Provided data START

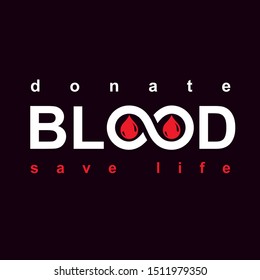 Vector blood word made with limitless symbol. Save life and donate blood conceptual illustration.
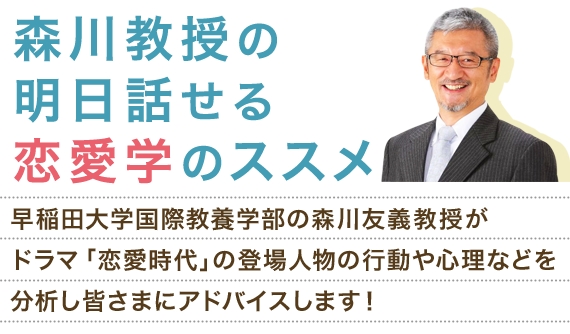 森川教授の明日話せる恋愛学のススメ 早稲田大学国際教養学部の森川教授がドラマ「恋愛時代」の登場人物の行動や心理などを分析し皆さまにアドバイスします！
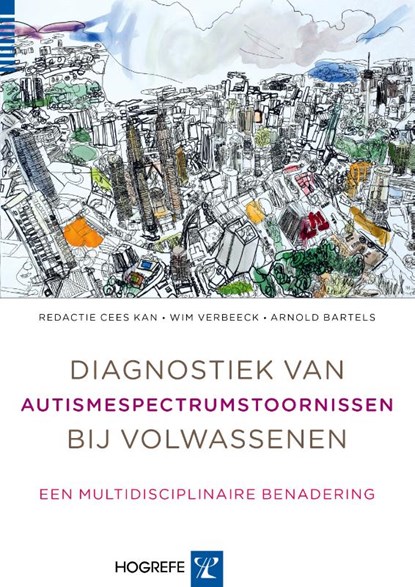 Diagnostiek van autismespectrumstoornissen bij volwassenen, Cees Kan ; Wim Verbeeck ; Arnold Bartels - Paperback - 9789079729548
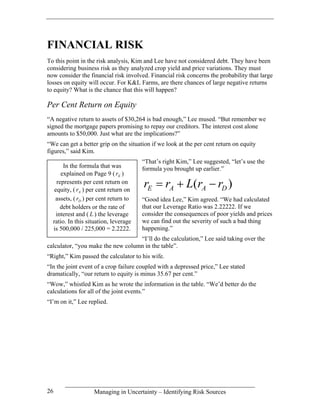FINANCIAL RISK
To this point in the risk analysis, Kim and Lee have not considered debt. They have been
considering business risk as they analyzed crop yield and price variations. They must
now consider the financial risk involved. Financial risk concerns the probability that large
losses on equity will occur. For K&L Farms, are there chances of large negative returns
to equity? What is the chance that this will happen?

Per Cent Return on Equity
“A negative return to assets of $30,264 is bad enough,” Lee mused. “But remember we
signed the mortgage papers promising to repay our creditors. The interest cost alone
amounts to $50,000. Just what are the implications?”
“We can get a better grip on the situation if we look at the per cent return on equity
figures,” said Kim.
                                       “That’s right Kim,” Lee suggested, “let’s use the
       In the formula that was         formula you brought up earlier.”
      explained on Page 9 ( rE )
    represents per cent return on
   equity, ( rA ) per cent return on
                                       rE = rA + L(rA − rD )
   assets, ( rD ) per cent return to   “Good idea Lee,” Kim agreed. “We had calculated
      debt holders or the rate of      that our Leverage Ratio was 2.22222. If we
    interest and ( L ) the leverage    consider the consequences of poor yields and prices
  ratio. In this situation, leverage   we can find out the severity of such a bad thing
  is 500,000 / 225,000 = 2.2222.       happening.”
                                   “I’ll do the calculation,” Lee said taking over the
calculator, “you make the new column in the table”.
“Right,” Kim passed the calculator to his wife.
“In the joint event of a crop failure coupled with a depressed price,” Lee stated
dramatically, “our return to equity is minus 35.67 per cent.”
“Wow,” whistled Kim as he wrote the information in the table. “We’d better do the
calculations for all of the joint events.”
“I’m on it,” Lee replied.




26                 Managing in Uncertainty – Identifying Risk Sources
 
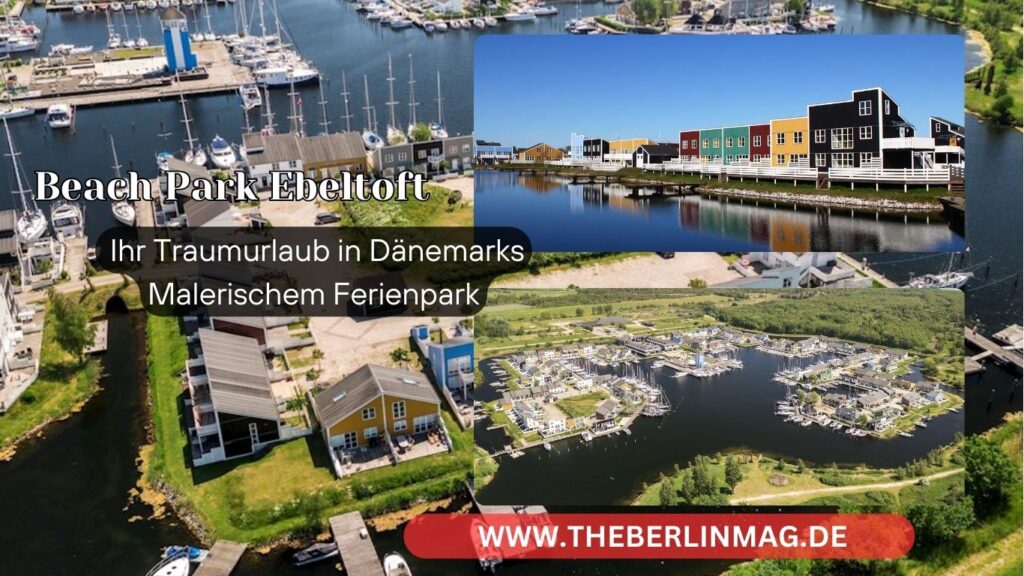 Beach Park Ebeltoft: Ihr Traumurlaub in Dänemarks Malerischem Ferienpark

Provided data END

* [Problem to work on]:
Reproduce the lines above, beginning at the line with "explained on Page 9 ( rE )" and stopping after the line with "calculations for all", exactly as they are.

* [Answer section]:
      explained on Page 9 ( rE )
    represents per cent return on
   equity, ( rA ) per cent return on
                                       rE = rA + L(rA − rD )
   assets, ( rD ) per cent return to   “Good idea Lee,” Kim agreed. “We had calculated
      debt holders or the rate of      that our Leverage Ratio was 2.22222. If we
    interest and ( L ) the leverage    consider the consequences of poor yields and prices
  ratio. In this situation, leverage   we can find out the severity of such a bad thing
  is 500,000 / 225,000 = 2.2222.       happening.”
                                   “I’ll do the calculation,” Lee said taking over the
calculator, “you make the new column in the table”.
“Right,” Kim passed the calculator to his wife.
“In the joint event of a crop failure coupled with a depressed price,” Lee stated
dramatically, “our return to equity is minus 35.67 per cent.”
“Wow,” whistled Kim as he wrote the information in the table. “We’d better do the
calculations for all of the joint events.”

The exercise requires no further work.